◆ What you will do
If you see a picture in the data below, omit it and copy the rest exactly.

◆ Data provided
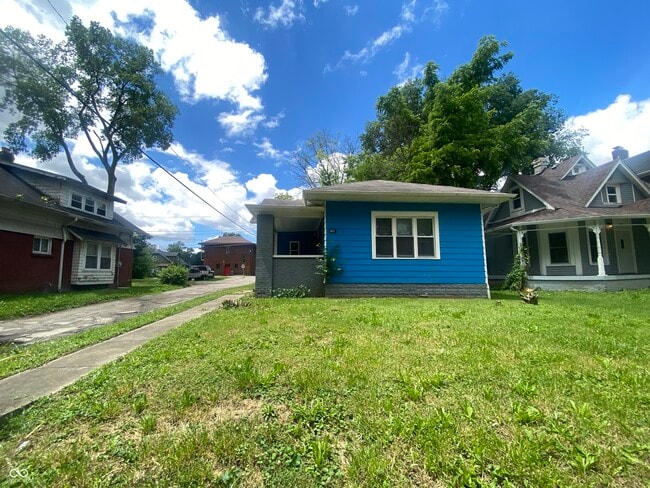 property at 402 N Bradley Ave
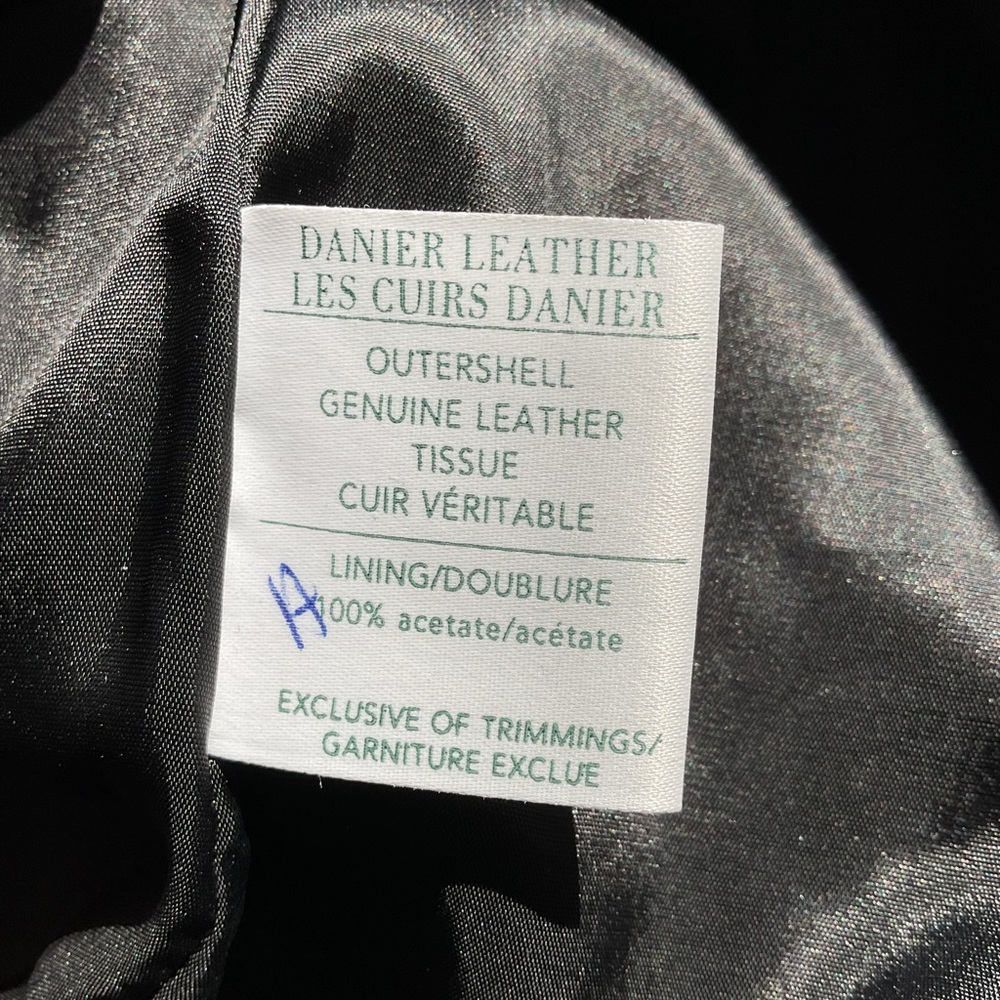 Danier Women's Black Leather Jacket Size Size S - Picture 11 of 11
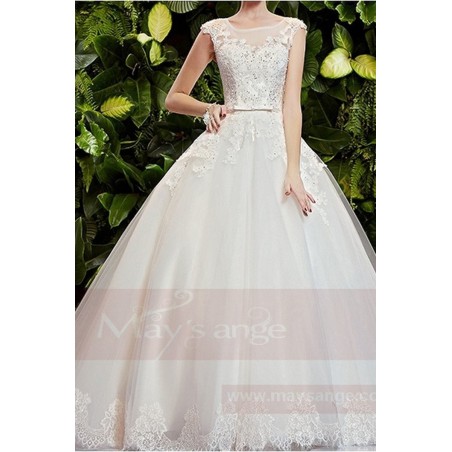 robe de mariée originale splendide en dentelle jolie fente dans le dos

◆ Output of the exercise
 property at 402 N Bradley Ave
 Danier Women's Black Leather Jacket Size Size S - Picture 11 of 11
 robe de mariée originale splendide en dentelle jolie fente dans le dos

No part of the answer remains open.